--- DATA PROVIDED Enclosed Below ---

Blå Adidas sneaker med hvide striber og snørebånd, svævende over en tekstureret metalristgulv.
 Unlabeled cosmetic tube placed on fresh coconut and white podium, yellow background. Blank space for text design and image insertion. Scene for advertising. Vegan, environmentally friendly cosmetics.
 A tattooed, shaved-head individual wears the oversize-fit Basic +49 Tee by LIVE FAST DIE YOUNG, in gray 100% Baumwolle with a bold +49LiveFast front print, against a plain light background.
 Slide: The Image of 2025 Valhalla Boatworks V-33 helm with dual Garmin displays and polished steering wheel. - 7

--- End of Enclosed DATA PROVIDED ---

WORK INSTRUCTION: Search the data above for the string "with" and copy each line that has it.

SOLUTION TO THIS EXERCISE:
 A tattooed, shaved-head individual wears the oversize-fit Basic +49 Tee by LIVE FAST DIE YOUNG, in gray 100% Baumwolle with a bold +49LiveFast front print, against a plain light background.
 Slide: The Image of 2025 Valhalla Boatworks V-33 helm with dual Garmin displays and polished steering wheel. - 7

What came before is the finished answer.